In a related incident involving academic freedom of a Christian, professor of physiology at the U. of Alabama, Phillip Bishop, was taken all the way to the Supreme Court for speaking five minutes per semester in his class about intelligent design. Bishop refused to knuckle under his chairman's order to stop and the university took him to court. The 11th Circuit Court of Appeals "pushed back academic freedom by granting administrations more power to control class content," the Issue reported. The Supreme Court declined to hear the case. Bishop declared that:

" When I speak to faculty, they ask how they can stay out of the kind of circumstance I was in. My message is not how to stay out of it, but how we all ought to be involved in it."

"Officially I lost my case, but I will say that in losing it, next to salvation itself it was the most important spiritual experience I've ever had."

"I've had opportunities to share Christ with many colleagues because of the court case. I've had a chance to speak in some very hostile environments, and that was a great challenge. I have been able to carry the message of Christ into places I would never have had the opportunity to do so otherwise."

Bishop's own interpretation of John 12:42 relates to the academic situation: "Even some of the faculty believed in Him, but, because of the administration, were not confessing Him, lest they be put out of the university." And the following verse doesn't need a paraphrase: "For they loved the approval of men more than the approval of God." Bishops's advice is to contact Christian Leadership Ministries if you find your faith challenged at your university. Scott Luley is director of CLM's Free Speech Project and can be reached via email at: sluley@iclnet.org or (by voice) at (214) 490-7770.
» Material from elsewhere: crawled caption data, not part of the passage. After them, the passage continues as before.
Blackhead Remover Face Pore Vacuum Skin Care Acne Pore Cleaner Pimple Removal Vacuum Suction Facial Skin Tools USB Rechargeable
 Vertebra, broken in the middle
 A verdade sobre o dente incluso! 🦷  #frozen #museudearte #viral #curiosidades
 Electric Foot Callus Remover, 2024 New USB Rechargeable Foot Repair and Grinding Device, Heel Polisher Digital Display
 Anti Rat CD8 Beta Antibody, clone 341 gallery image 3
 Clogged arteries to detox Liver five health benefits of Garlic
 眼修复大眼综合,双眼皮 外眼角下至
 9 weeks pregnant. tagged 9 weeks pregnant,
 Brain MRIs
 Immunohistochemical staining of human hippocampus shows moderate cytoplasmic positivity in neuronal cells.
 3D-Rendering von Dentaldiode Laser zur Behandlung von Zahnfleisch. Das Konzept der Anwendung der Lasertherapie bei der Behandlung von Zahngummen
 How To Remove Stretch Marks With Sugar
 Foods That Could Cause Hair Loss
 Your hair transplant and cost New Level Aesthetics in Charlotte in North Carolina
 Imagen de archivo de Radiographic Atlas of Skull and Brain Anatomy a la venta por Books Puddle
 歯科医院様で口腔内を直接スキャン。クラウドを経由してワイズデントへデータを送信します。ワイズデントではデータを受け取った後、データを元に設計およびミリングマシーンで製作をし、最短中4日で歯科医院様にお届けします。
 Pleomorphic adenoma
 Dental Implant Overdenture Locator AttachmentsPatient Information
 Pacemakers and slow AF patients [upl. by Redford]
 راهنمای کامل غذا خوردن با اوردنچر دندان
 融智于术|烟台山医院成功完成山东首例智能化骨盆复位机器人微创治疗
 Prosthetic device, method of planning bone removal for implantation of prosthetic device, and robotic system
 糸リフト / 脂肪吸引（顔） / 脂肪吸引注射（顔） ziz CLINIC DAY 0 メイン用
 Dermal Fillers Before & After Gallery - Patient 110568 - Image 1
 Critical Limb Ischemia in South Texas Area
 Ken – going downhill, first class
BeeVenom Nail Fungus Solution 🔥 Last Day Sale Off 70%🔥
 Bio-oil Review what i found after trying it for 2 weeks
Continuing the theme, the Issue's front-cover article, "Academic Freedom and the Rights of Religious Faculty" was written by Christian lawyer John Whitehead, who founded the Rutherford Institute in 1982. The Institute initiates and participates in lawsuits and educational programs concerning free speech and free exercise issues. The article is excerpted from Whitehead's book, The Rights of Religious Persons in Public Education (Crossway Books, 1991), and preceded by a quote of former Supreme Court justice Abe Fortas, "It can hardly be argued either that students or teachers shed their constitutional rights ... at the schoolhouse gate." The article is a content-rich primer on the legal basis for academic freedom, citing legal precedent to illustrate the intent and bounds of the law.

Ark-Eology Rejoinders

In Feb. 1993, CBS aired "The Incredible Discovery of Noah's Ark." Offered as an entertainment special, the ark story had the appearance of a documentary, and according to CBS, only two percent of those calling about the program questioned the claim that the ark had been discovered at the 14,000 foot level on Mount Ararat. The ASA Newsletter reported briefly on the program (Jun./Jul. 93, p. 5), and since that report, others have also responded to it. The American Geological Institute's Geotimes (Sep. 1993, p. 4) ran a commentary by Robert S. Dietz of the Arizona State U. geology department citing it as a "frightening example of pseudo-science" and describing the geological evidence against a worldwide flood. "Geologists know a flood when they see one," Dietz stated, mentioning the ancient Spokane-Lake Missoula flood in Washington state as an example. Eighty such floods would be required to explain the 80 coal seams in the mid-continent Carboniferous strata, in contrast with the show's claim that a single flood buried all non-ark life, thereby producing from them coal and oil deposits. And three oceans of water would be needed to cover the 17,000 foot mountain, Dietz wrote.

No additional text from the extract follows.